Task description: Write out the line that contains "resistance.resistance.", then every following line to the end of the records below, with no other lines and no changes.

Dataset entries:
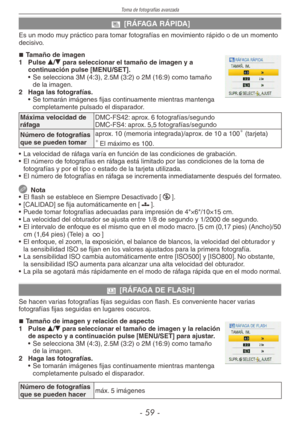 Page 59
Toma de fotografías avanzada
-  -

x [RÁFAGA RÁPIDA]
Es un modo muy práctico para tomar fotografías en movimiento rápido o de un momento decisivo.
Tamaño de imagen
1  Pulse e/r para seleccionar el tamaño de imagen y a continuación pulse [MENU/SET].
• Se selecciona 3M (4:3), 2.5M (3:2) o 2M (16:9) como tamaño 
de la imagen.
2  Haga las fotografías.
• Se tomarán imágenes fijas continuamente mientras mantenga 
completamente pulsado el disparador.
Máxima velocidad de ráfagaDMC-FS42: aprox. 6...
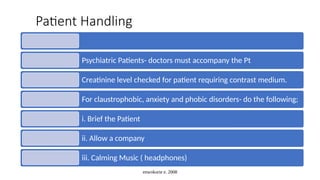 enwokorie e. 2008
Patient Handling
Psychiatric Patients- doctors must accompany the Pt
Creatinine level checked for patient requiring contrast medium.
For claustrophobic, anxiety and phobic disorders- do the following;
i. Brief the Patient
ii. Allow a company
iii. Calming Music ( headphones)
 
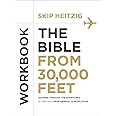 The Bible from 30,000 Feet Workbook: Soaring Through the Scriptures in One Year from Genesis to Revelation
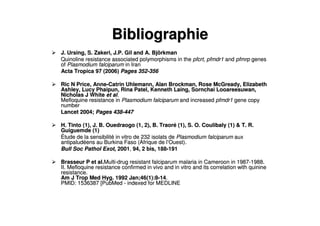 BibliographieBibliographie
J. Ursing, S. Zakeri, J.P. Gil and A. BjJ. Ursing, S. Zakeri, J.P. Gil and A. Bjöörkmanrkman
Quinoline resistance associated polymorphisms in theQuinoline resistance associated polymorphisms in the pfcrt, pfmdr1pfcrt, pfmdr1 andand pfmrppfmrp genesgenes
ofof Plasmodium falciparumPlasmodium falciparum in Iranin Iran
Acta Tropica 97 (2006)Acta Tropica 97 (2006) Pages 352Pages 352--356356
Ric N Price, AnneRic N Price, Anne--Catrin Uhlemann, Alan Brockman, Rose McGready, ElizabethCatrin Uhlemann, Alan Brockman, Rose McGready, Elizabeth
Ashley, Lucy Phaipun, Rina Patel, Kenneth Laing, Sornchai LooareAshley, Lucy Phaipun, Rina Patel, Kenneth Laing, Sornchai Looareesuwan,esuwan,
Nicholas J WhiteNicholas J White et alet al..
Mefloquine resistance inMefloquine resistance in Plasmodium falciparumPlasmodium falciparum and increasedand increased pfmdr1pfmdr1 gene copygene copy
numbernumber
Lancet 2004;Lancet 2004; Pages 438Pages 438--447447
H. Tinto (1), J. B. Ouedraogo (1, 2), B. TraorH. Tinto (1), J. B. Ouedraogo (1, 2), B. Traoréé (1), S. O. Coulibaly (1) & T. R.(1), S. O. Coulibaly (1) & T. R.
Guiguemde (1)Guiguemde (1)
ÉÉtude de la sensibilittude de la sensibilitéé in vitro de 232 isolats dein vitro de 232 isolats de Plasmodium falciparumPlasmodium falciparum auxaux
antipaludantipaludééens au Burkina Faso (Afrique de lens au Burkina Faso (Afrique de l’’Ouest).Ouest).
Bull Soc Pathol Exot,Bull Soc Pathol Exot, 20012001,, 94, 2 bis, 18894, 2 bis, 188--191191
Brasseur P et al.Brasseur P et al.MultiMulti--drug resistant falciparum malaria in Cameroon in 1987drug resistant falciparum malaria in Cameroon in 1987--1988.1988.
II. Mefloquine resistance confirmed in vivo and in vitro and itsII. Mefloquine resistance confirmed in vivo and in vitro and its correlation with quininecorrelation with quinine
resistance.resistance.
Am J Trop Med Hyg. 1992 Jan;46(1):8Am J Trop Med Hyg. 1992 Jan;46(1):8--1414..
PMID: 1536387 [PubMedPMID: 1536387 [PubMed -- indexed for MEDLINEindexed for MEDLINE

The completed task:
resistance.resistance.
Am J Trop Med Hyg. 1992 Jan;46(1):8Am J Trop Med Hyg. 1992 Jan;46(1):8--1414..
PMID: 1536387 [PubMedPMID: 1536387 [PubMed -- indexed for MEDLINEindexed for MEDLINE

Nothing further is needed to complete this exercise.